Write a Python 3 package which generates the most important key-phrase (or key-words) from a document based on a corpus. Attached you will find a zip archive with:

  • one script file (script.txt)
  • 3 transcript files (transcript1...3.txt)


  • Compute the most important key-words (a key-word can be between 1-3 words)
  • Choose the top n words from the previously generated list. Compare these key- words with all the words occurring in all of the transcripts.
  • Generate a score (rank) for these top n words based on analysed transcripts.


  • upload the solution on GitHub
  • write inside of the Readme file instructions on how to get started with the package (installing dependencies, running, testing, etc.)
  • consider reusability when implementing your package. it should be generic enough that given a certain input, it will provide the required output

My whole submission: https://github.com/GMathyssen/NLP-challenge


# -*- coding: utf-8 -*-
__author__ = 'Gert'

import string
import pandas as pd
import nltk
import sys
from nltk.corpus import stopwords

def main():
    # Amount of max words in key-word
    number_grams = 3

    number_top_keywords = 20
    save_file = open(sys.argv[1], 'a')

    # Reading in the minimum data
    script = open(sys.argv[2], "r").read()
    total_trans = open(sys.argv[3], "r").read()
    names_trans = [str(sys.argv[3]) + "\n"]

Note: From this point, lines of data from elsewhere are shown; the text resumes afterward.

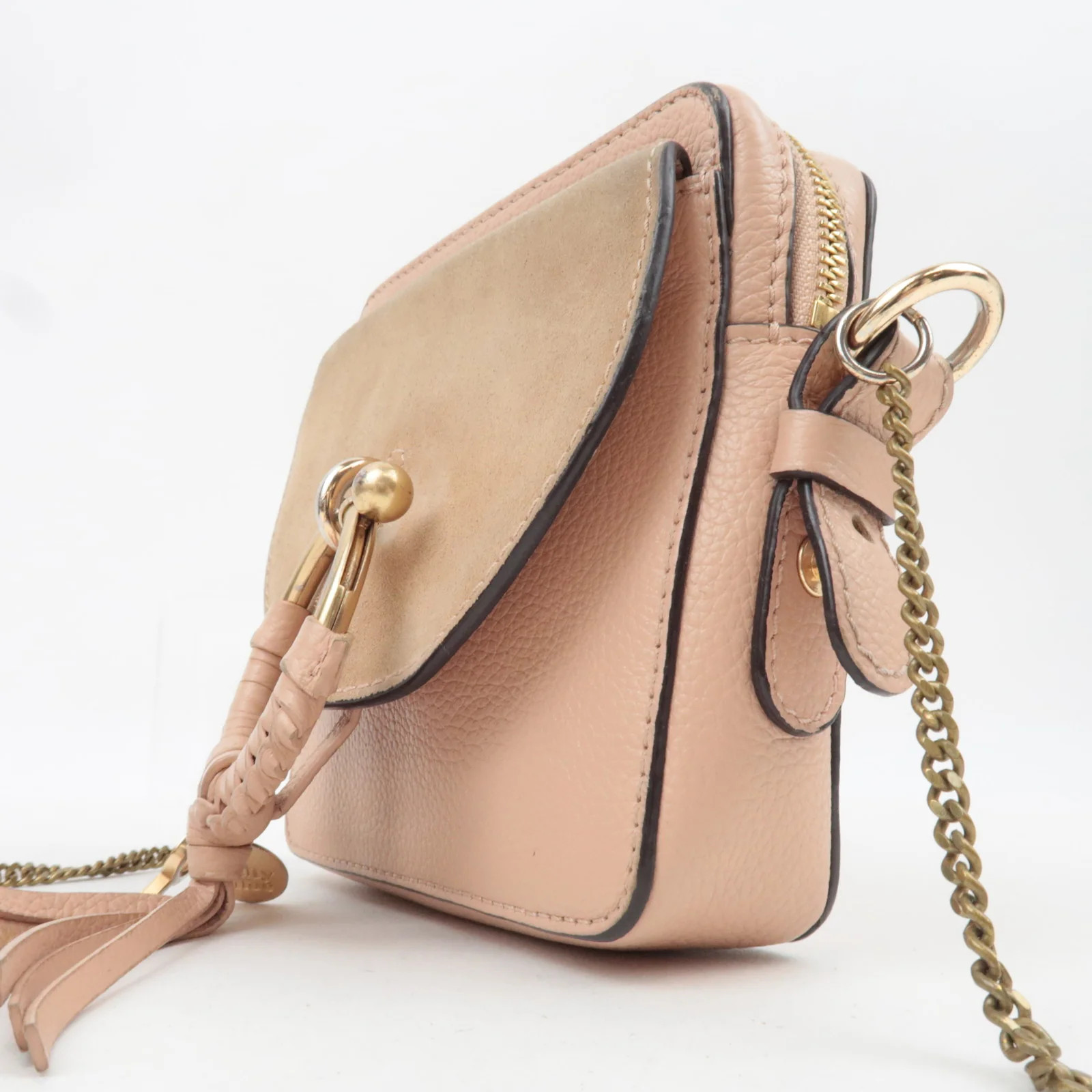 Chloe SEE BY CHLOE Chain Shoulder Bag Suede Leather Pink Authentic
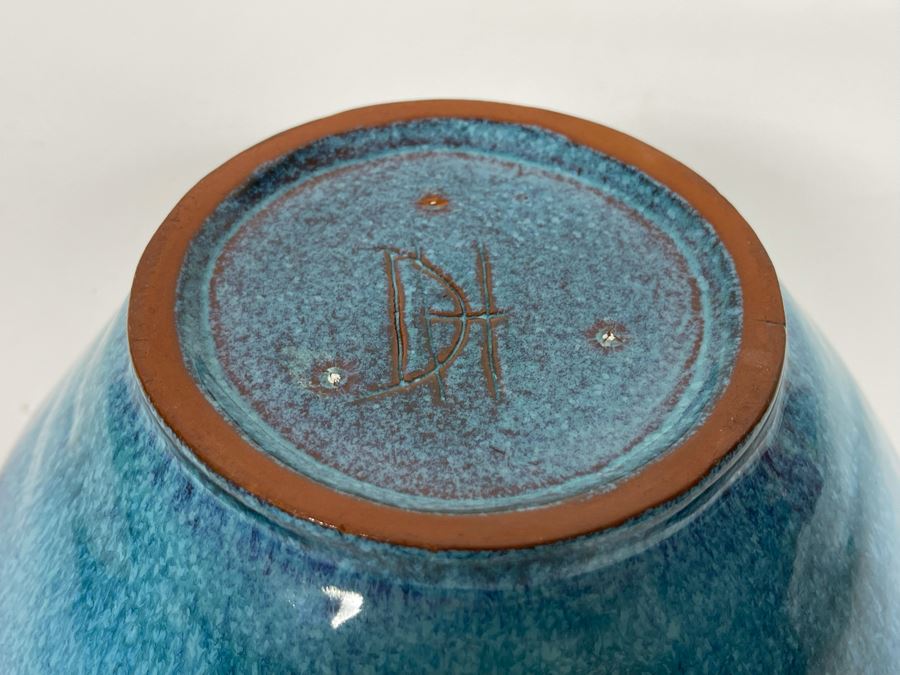 Glazed Studio Pottery Bowl Signed DH 8W [Photo 8]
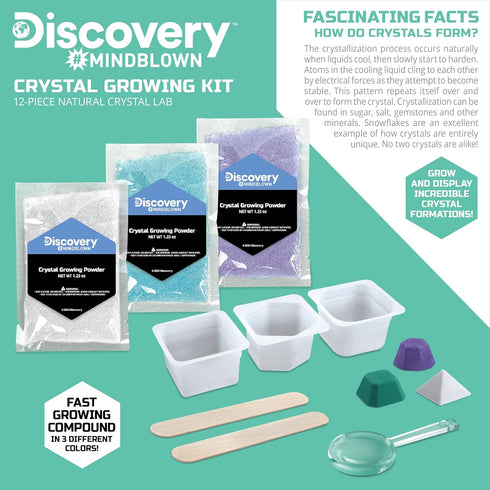 Discovery #MINDBLOWN 12-Piece Lab Crystal Growing Kit, Grow Colored Crystals, Fun STEM Educational Set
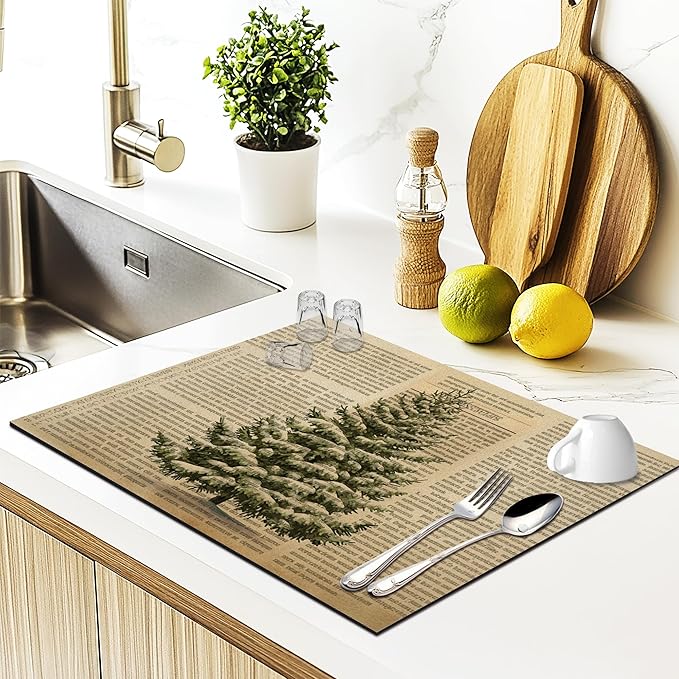 Vintage Christmas Tree Dish Drying Mat, Retro Spruce Xmas Tree Newspaper Absorbent Dish Drainer Reusable Washable Drying Mat Pad for Kitchen Counter, Rustic Christmas Decor, 12×15 Inch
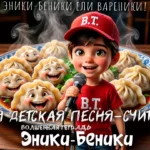 Красочная иллюстрация в мультяшном стиле: улыбающийся мальчик в красной кепке и футболке с буквами «B.T.» поет в микрофон на фоне огромной тарелки с варениками, у которых есть живые смеющиеся лица. Внизу надпись: «Волшебная тетрадь. Эники-Беники».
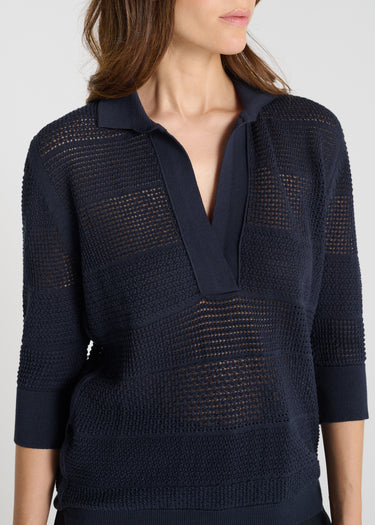 Détail pull Bloom bleu nuit maille coton ajourée col polo patte ouverture bord-côte
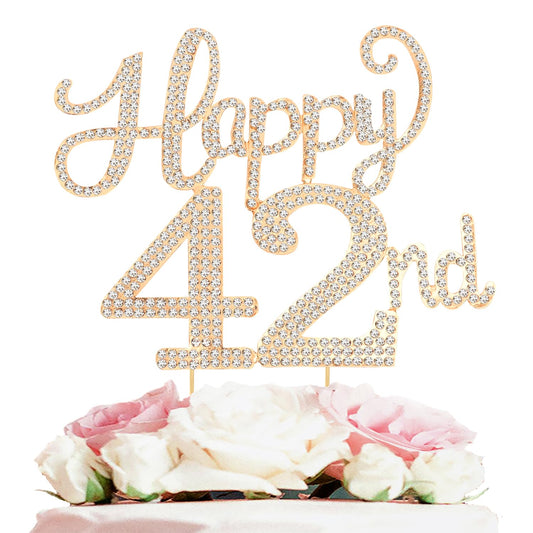 Happy 42nd Birthday Decorations,42nd Birthday Gold Rhinestone Cake Topper - Cheers to 42 Years Old Bday Party Metal Sparkly Cake Centerpieces Sign.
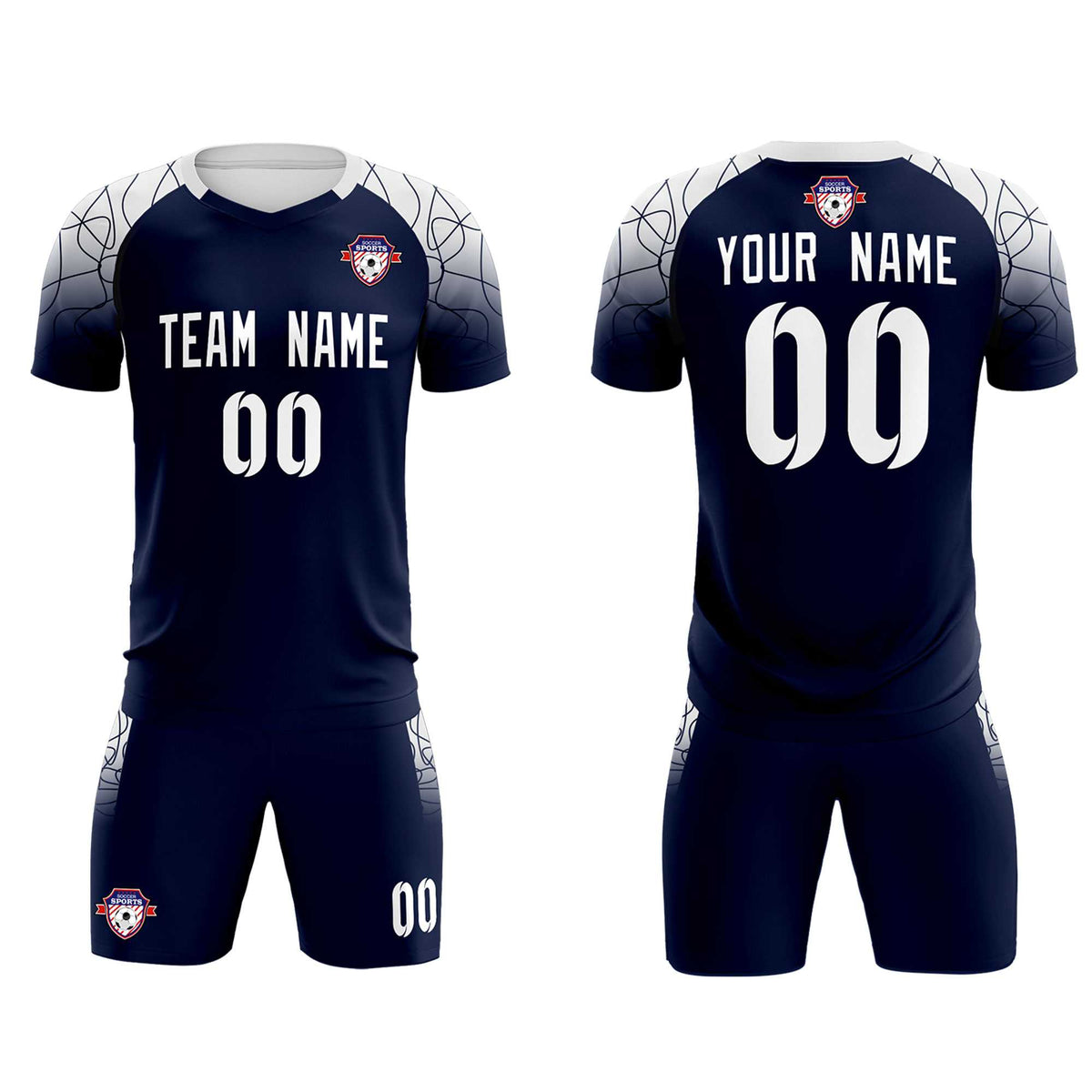 Custom Navy Classic Football Training Kit Jersey For Adults/Kids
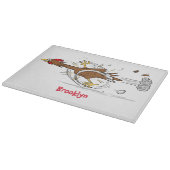 おもしろいランニングカッコいい鶏イラストレーション カッティングボード (角)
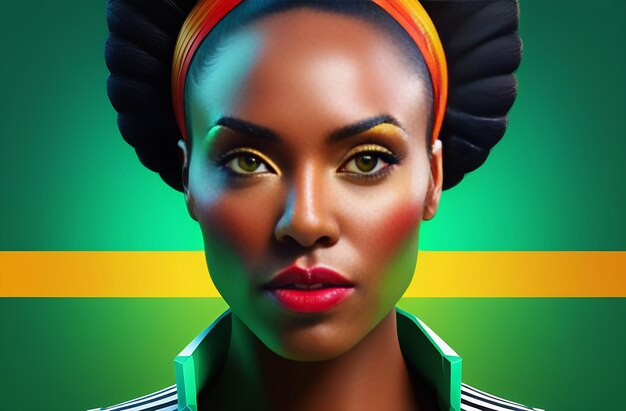 Close-up de uma mulher afro-americana uma foto vívida de uma mulher bonita e confiante com um olhar determinado estilo de arte moderna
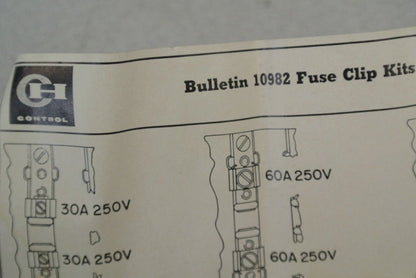 CUTLER-HAMMER 10982H15A FUSE CLIP KIT for SIZE 1 STARTER / NEW SURPLUS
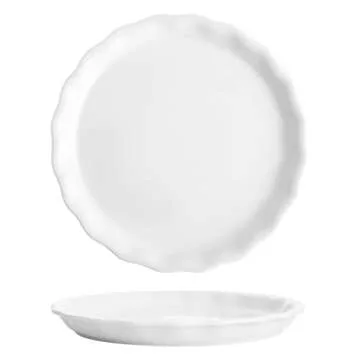 Sweese 168.001 Porcelain Dessert Plates - 7.4 Inch - Set of 6, White, Flower Side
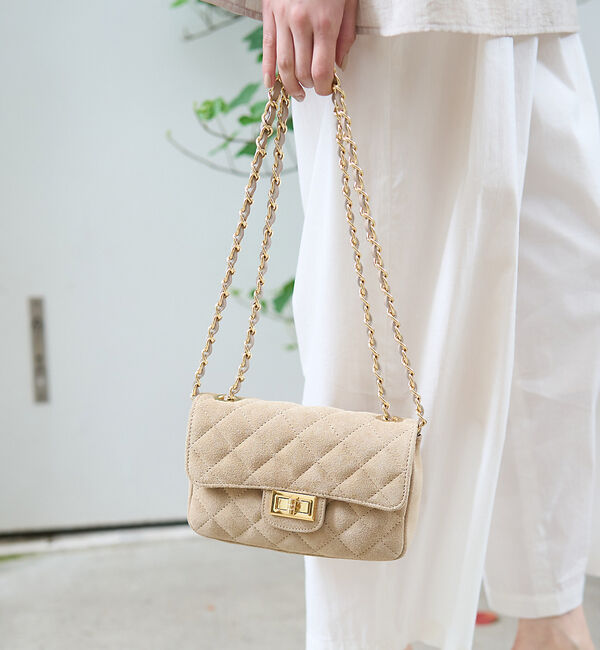 Rouge vif「【新色登場】【AULENTTI/オウレンティ】チェーンスエードミニショルダー」|ショルダー・メッセンジャー|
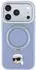 Karl Lagerfeld iPhone 17 Pro / 18 Pro Hülle mit 360° Ringständer, MagSafe, Karl-Kopf-Emblem, hellblau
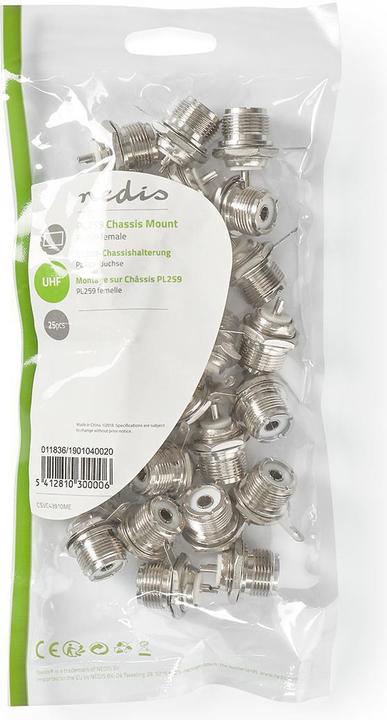 Produktbild Nedis PL259 Stecker gerade Buchse Vernickelt 75 Ohm Chassis Kabeleingangsdurchmesser: 5.0 mm Metall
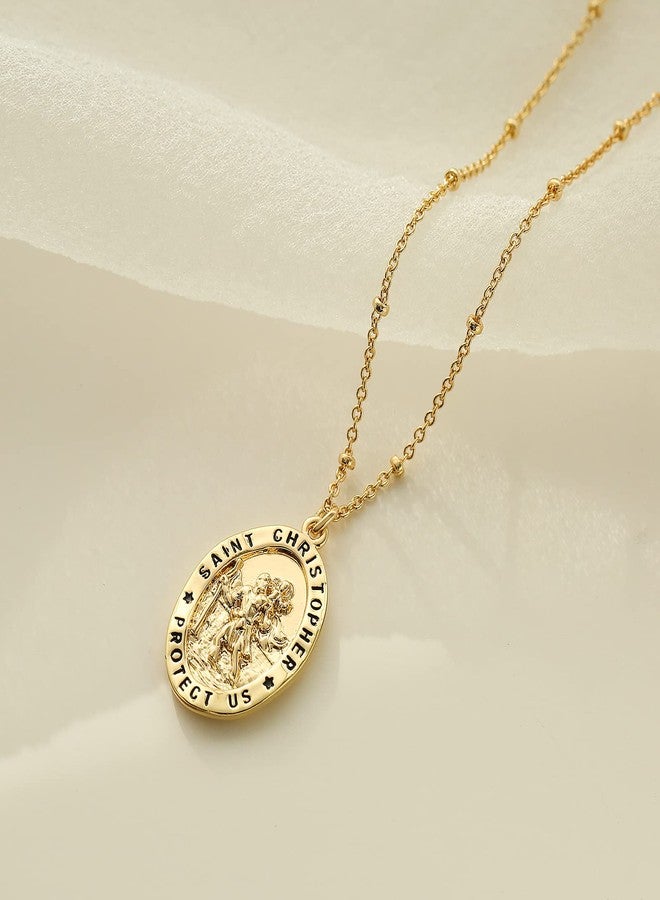 Ascona Saint Christopher Necklace for Women St Christopher Medal Pendant Chain Catholic First Communion Confirmation Religious Jewelry Gifts (Gold) - Image 3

    # Reading in optional extra transcripts
    for tran in sys.argv[4:]:
        total_trans += open(tran, "r").read()
        names_trans.append(str(tran) + "\n")

    # Processing text from the script and group key-words in script dataframe
    script_data = ngrams_to_strings(get_n_grams(text_process(script), number_grams))
    script_df = group_in_dataframe(script_data, "Main script")

    # Taking the top n words from the script dataframe
    script_df_top = script_df.head(number_top_keywords)

    # Processing text from all the transcripts and group key-words in a dataframe
    total_trans_data = ngrams_to_strings(get_n_grams(text_process(total_trans), number_grams))
    total_trans_df = group_in_dataframe(total_trans_data, "Transcripts")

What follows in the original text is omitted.